BEGIN Supplied information
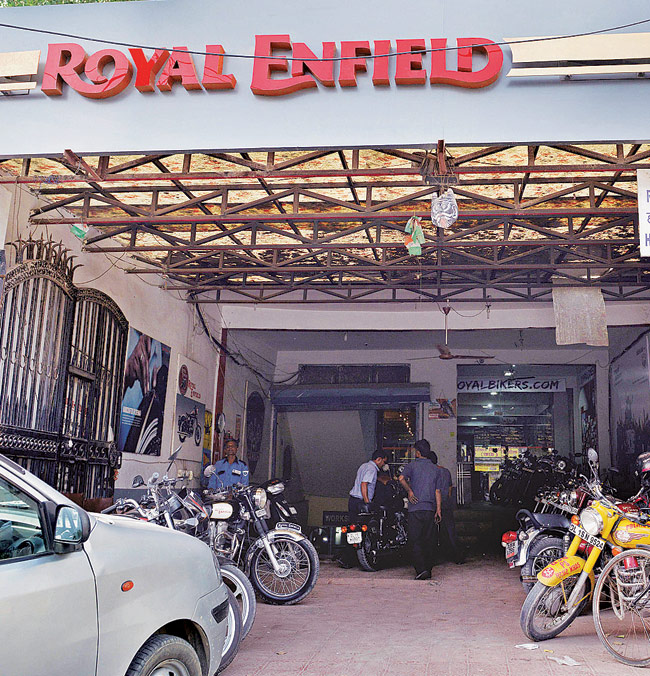 SDMC orders to cut power, water supply of 39 car workshops
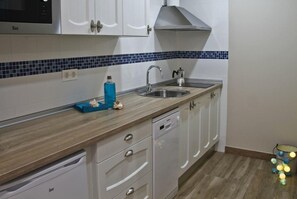 Réfrigérateur, micro-ondes, plaque de cuisson, lave-vaisselle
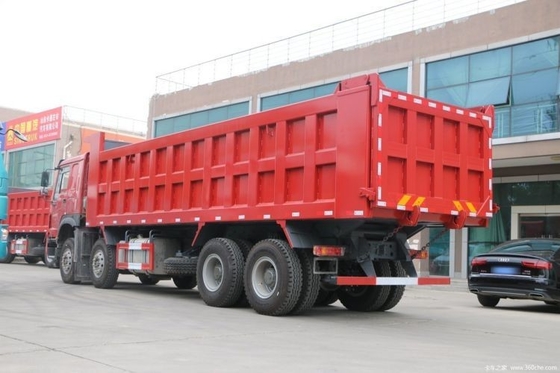 Tweedehands boutique auto's Sinotruk HOWO Zware vrachtwagen 380 pk 8X4 8,2m Dump trucks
END Supplied information
### Aim of the task
Write out all of the data above exactly, without any of its pictures.

### Response to the exercise
 SDMC orders to cut power, water supply of 39 car workshops
 Réfrigérateur, micro-ondes, plaque de cuisson, lave-vaisselle
 Tweedehands boutique auto's Sinotruk HOWO Zware vrachtwagen 380 pk 8X4 8,2m Dump trucks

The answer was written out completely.